La startup israélienne Sirin Labs souhaite financer un « smartphone blockchain ». Derrière ce projet pas forcément viable, se cache l’enjeu de l’adoption grand public de l’écosystème d’applications qui émerge autour d’Ethereum et d’autres crypto-monnaies. Le 16 mai 2018, HTC a également annoncé un smartphone « blockchain ».

Mise à jour du 11 juillet 2018 : ajout des précisions sur le smartphone de HTC et de la campagne de communication de Sirin avec Lionel Messi. Sirin ne vend d’ailleurs son Finney que par une levée de fonds en cryptomonnaie.

Sirin Labs est une de ces startups à laisser perplexe. Constituée d’Israéliens, basée en Suisse et présidée par un Kazakh (d’ailleurs, la tech fleurit au Kazakhstan), la startup a pour principal fait d’armes d’avoir sorti en 2016 un appareil à 14 000 dollars (sic). Le Solarin, ce device « ultra-sécurisé » sous Android 5.1 (re-sic), avait fait dire à The Verge que « le pire avec ce téléphone n’est pas son prix, mais l’arrogance de ses concepteurs ». Il s’en est vendu 750 exemplaires en neuf mois, et la boîte a licencié un tiers de ses effectifs.

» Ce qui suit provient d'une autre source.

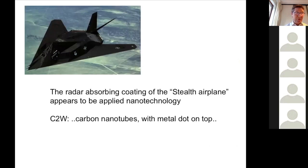One of the last examples of functional nanostructures — nanotechnology — is the coating of the stealth airplane. The stealth is an airplane from the Americans that cannot be seen by radar. There are no actual publications, but you can find out that the coating consists of carbon nanotubes which have a metal dot on the top of the tube.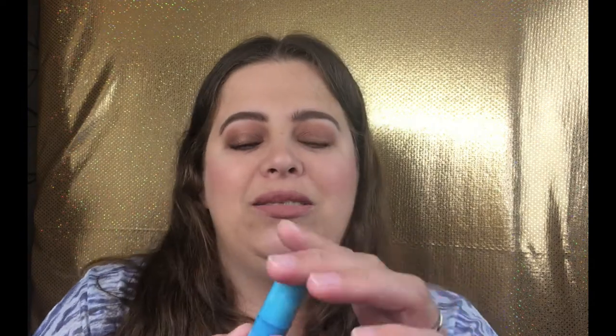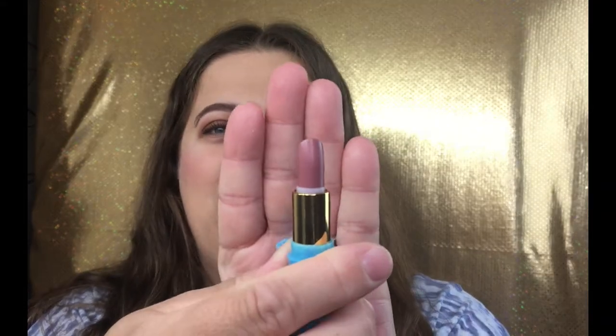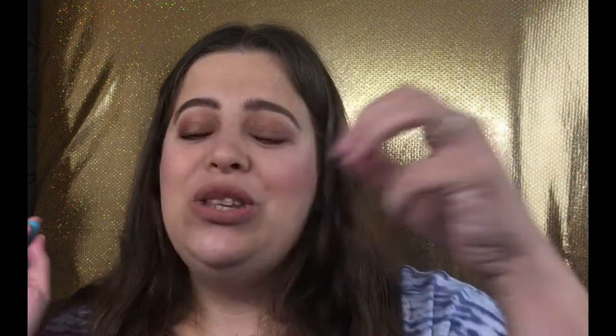We have a Tarte lipstick! I know it's just a little tiny sample, but I love the Tarte Rainforest of the Sea lipsticks — they are so moisturizing. This is in the color 'Salt Life,' which is actually a color I've been wanting to try. I already have Set Sail, Rum Punch, and Siesta. This was the other color I was looking at to purchase, so I'm excited to have it here and try it out rather than just buying the full size.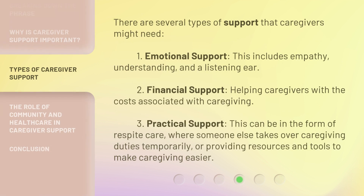There are several types of support that caregivers might need. First, emotional support — this includes empathy, understanding, and a listening ear. Second, financial support — helping caregivers with the costs associated with caregiving.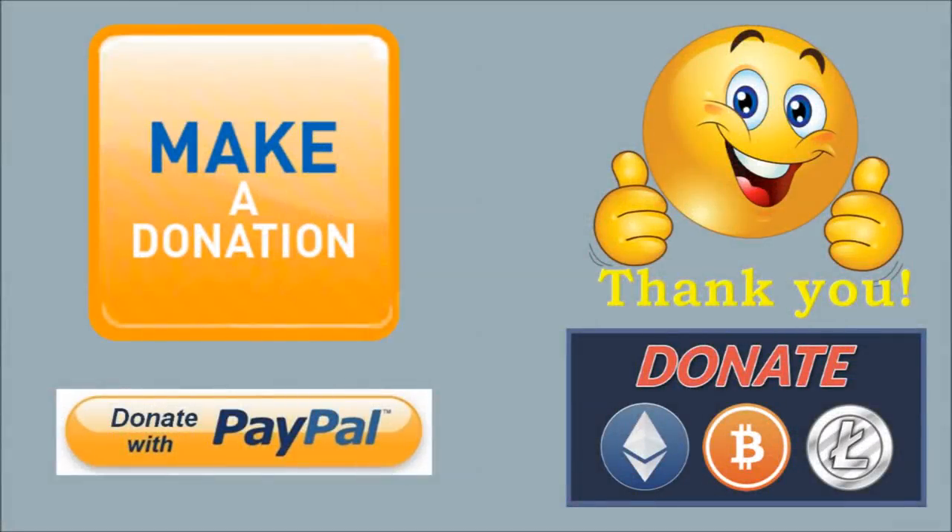If you enjoy my content and would like to become an ST66 supporter, I will leave links in the comments section and it will be greatly appreciated.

Autant dire que si on s’intéresse à l’initiative de Sirin, c’est moins pour son sérieux commercial que pour le concept qu’il y a derrière — d’autant que HTC a repris l’idée pour un projet nommé Exodus, qui nous laisse tout autant perplexe. Côté Sirin, c’est un « smartphone blockchain » portant le nom de Finney, ambitieusement pris à l’un des pionniers du Bitcoin, décédé en 2014 et parrainé pour l’anecdote par Lionel Messi. Doté de ses propres système d’exploitation, crypto-monnaie et app store décentralisé, l’appareil de Sirin aspire à populariser les écosystèmes prometteurs, mais obscurs, qui se développent autour des blockchains en général et d’Ethereum en particulier.

sirin_finney_smartphone

Le monde des startups éthérées

Comme nous l’expliquions dans nos guides sur les crypto-monnaies, la blockchain Ethereum est, grâce à ses « contrats intelligents », à la source de tout un écosystème d’applications décentralisées (les Ðapp) qui ne sont régies que par du code. L’exemple typique est celui d’une Ðapp de VTC qui permettrait d’appeler un chauffeur et de le payer sans verser de commission à un Uber quelconque.

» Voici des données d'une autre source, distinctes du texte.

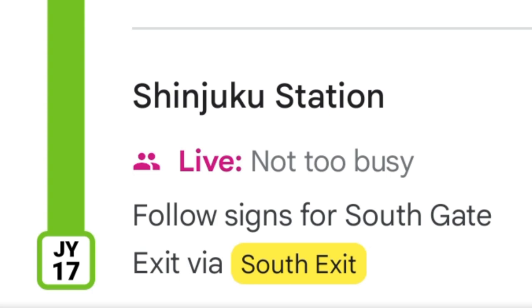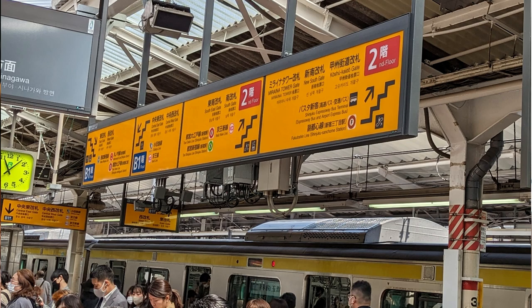Google Maps even tells you which cars may be better to sit in for an easier exit. On Japan trains, each individual car is numbered, so depending which car you sit in, you'll be closer to one exit or another. When you exit at your station, look up — there'll be plenty of signs directing you to different exits and naming landmarks nearby. There are also signs for elevators and escalators, which is important since there are a lot of stairs in the Tokyo subway.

En périphérie d’Ethereum, c’est tout un monde de startups de la blockchain qui s’est constitué à coup d’ICO (Initial coin offering, quelque chose entre du crowdfunding et une introduction en bourse). Sans plonger dans les détails des opportunités que présente cet univers encore très jeune, on peut en faire ressortir une : puiser dans les ressources non utilisées de stockage et de CPU de tous les appareils du monde. Un rêve qui rappellera à certains la saison 4 de Silicon Valley.

Source : Ethereum

CC Ethereum

Mais voilà : l’écosystème Ethereum, encore confidentiel, combine les difficultés d’accès d’un Linux bien corsé avec celles de la gestion financière. Il faut déjà distinguer les Ðapp construites directement sur Ethereum (n’ayant pas leur propre token) et les services proposés par une startup issue d’une ICO, qui eux utilisent un token à part. Car qui dit token à part, dit qu’il faut pouvoir acheter et vendre ces tokens, c’est-à-dire non seulement avoir un wallet — une tâche peu simple vu le nombre et la complexité des plateformes dédiées –, mais ensuite pouvoir se rendre sur une plateforme de trading cryptofinancier qui accepte d’échanger lesdits tokens. On comprend l’ampleur du défi qui attend un néophyte.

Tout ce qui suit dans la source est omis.